The lines below starting at the line containing "Трусики черные Obsessive Editya panties M/L" and ending at the line containing "vakantiehuis huren in" are to be repeated exactly, with both ends kept and nothing else added.

---------- Records ----------

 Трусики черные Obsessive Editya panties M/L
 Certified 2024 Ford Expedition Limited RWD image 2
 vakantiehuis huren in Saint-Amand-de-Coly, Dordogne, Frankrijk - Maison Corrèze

----------
---------- Records ----------

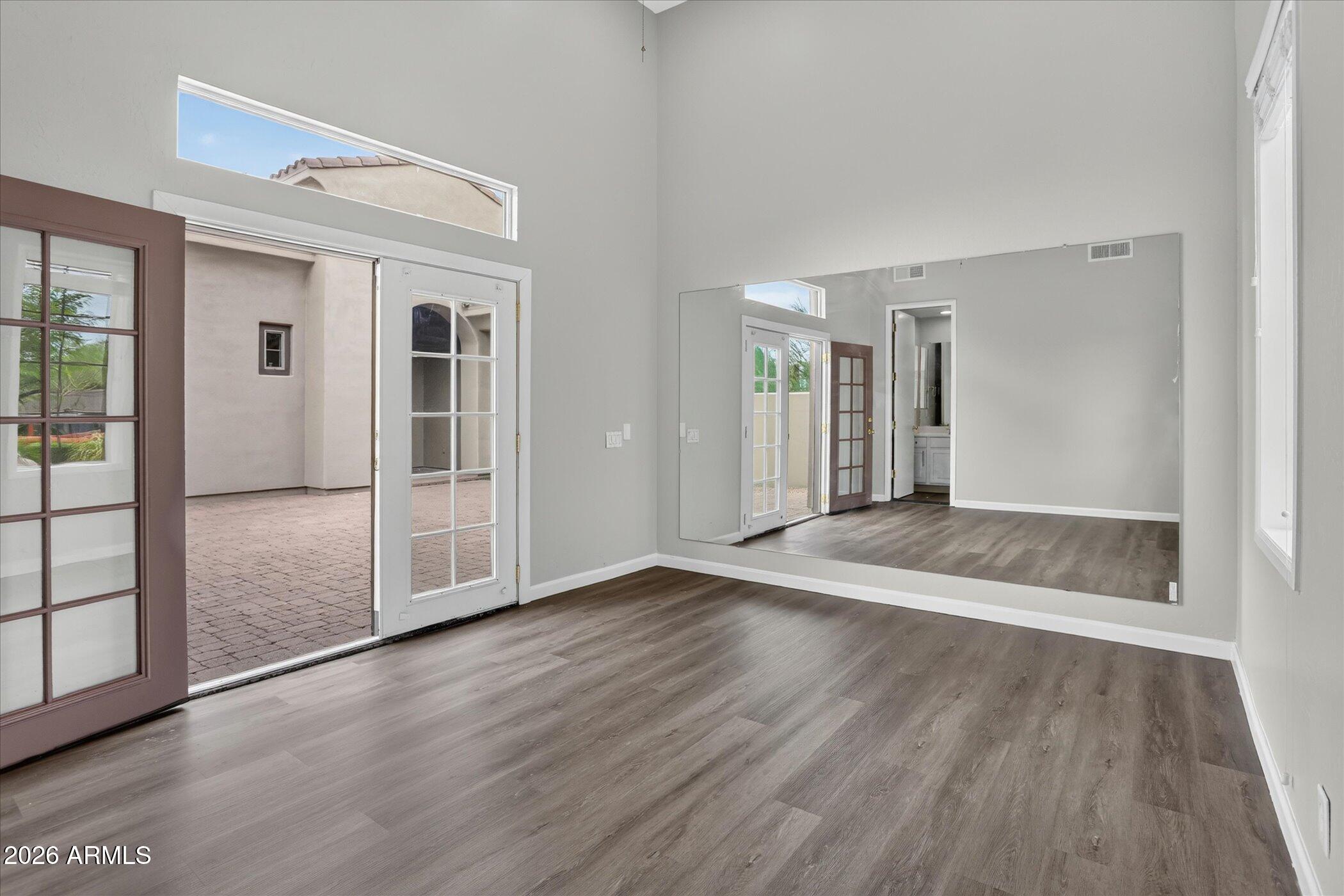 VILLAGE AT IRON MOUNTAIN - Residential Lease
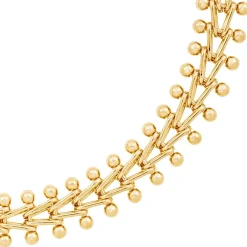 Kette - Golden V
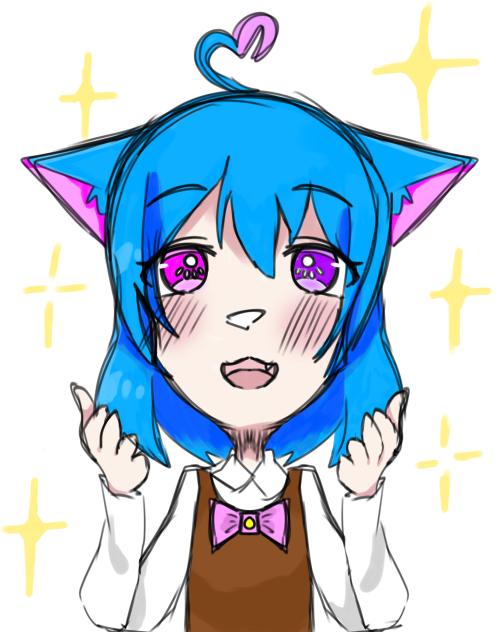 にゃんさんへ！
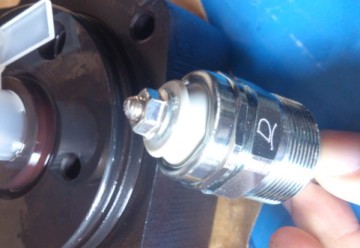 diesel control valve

----------

• _Problem solution_
 Трусики черные Obsessive Editya panties M/L
 Certified 2024 Ford Expedition Limited RWD image 2
 vakantiehuis huren in Saint-Amand-de-Coly, Dordogne, Frankrijk - Maison Corrèze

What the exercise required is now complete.